Morto Koyu doğal güzelliği ve göz kamaştırıcı yapısının yanı sıra çok önemli iki özelliğe de sahiptir. Bunlardan ilki, İngiliz zırhlısının batmış olduğu yer olması, ikincisi ise Çanakkale Şehitlik Anıtının hemen ötede bulunmasıdır. Bu koy, hem doğal güzellik hem de tarihin bir parçası diyebiliriz.
Savaştan kalanları toplayarak bakkalına getiren Salim Bey'in bu davranışından sonra, çevre halklar da birçok farklı kalıntıyı getirmiştir. Zaman içerisinde büyüyen bu koleksiyon, bir müze halini almayı başarmıştır. Bakkal Salim Müzesi Çanakkale il sınırları içerisinde gezip görülmeye en çok değecek yerlerin başında geliyor.
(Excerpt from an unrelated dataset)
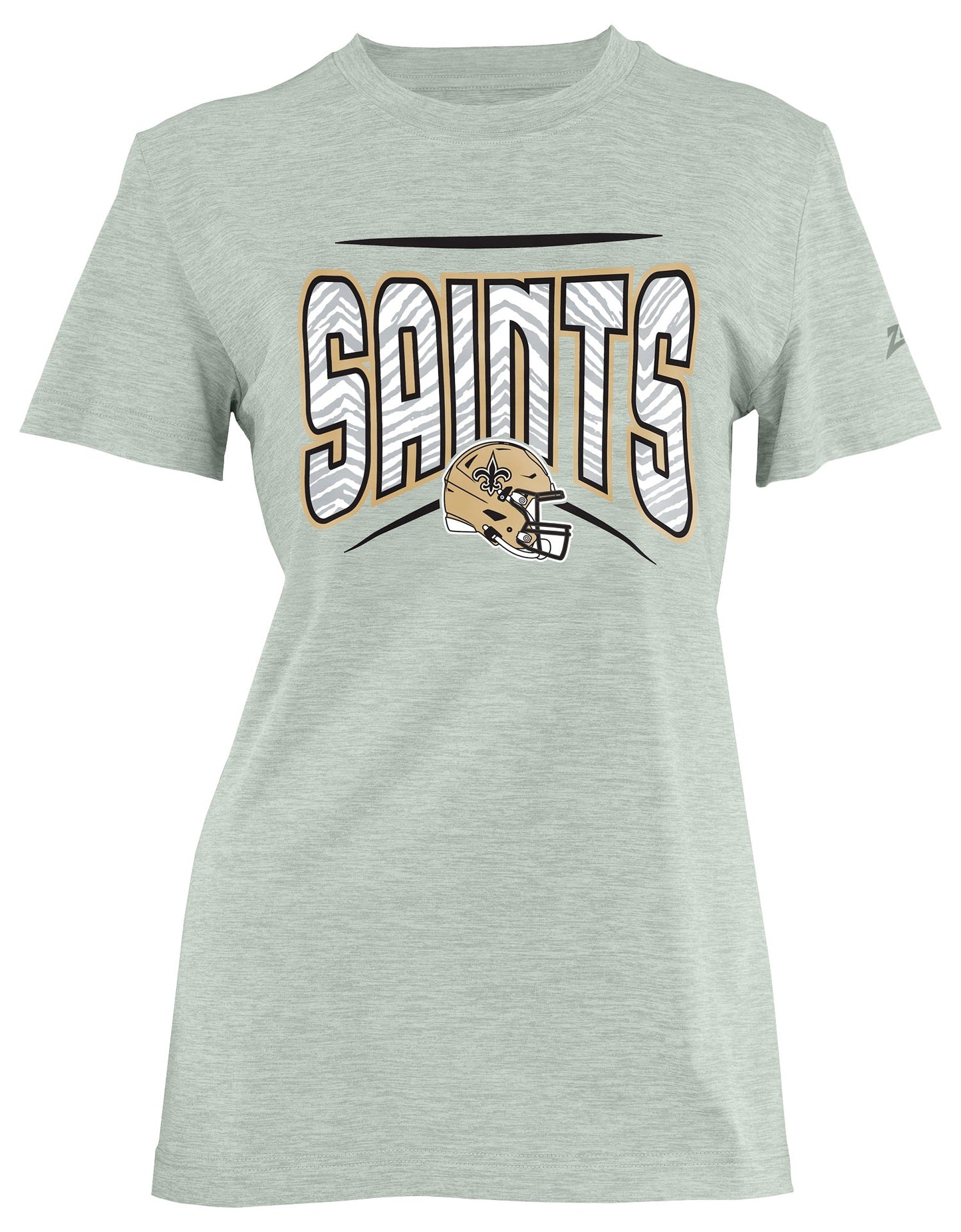 Zubaz NFL Women's Quarterback Heather Gray Color Short Sleeve T-Shirt, New Orleans Saints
Çanakkale Savaşının belki de en çok şiddetli geçtiği yer olan Tekke Koyu, listenizde mutlaka yer bulmalı. Burası sadece savaşın şiddetli olduğu yer olma özelliğinde değil, aynı zamanda son İngiliz askerlerinin de denizden kaçtığı mekandır. Bu yüzden Tekke Koyu bu açıdan çok önemli bir yere sahiptir Çanakkale şehir gezisinde, Tekke Koyu'nu listenizin ilk sıralarına almalı buranın heyecanlı iklimine şahit olmalısınız. Her tarafı tarih kokan ve destanın beşiği özelliği bulunan Çanakkale şehrimizi listemizi inceledikten sonra daha rahat gezebilirsiniz.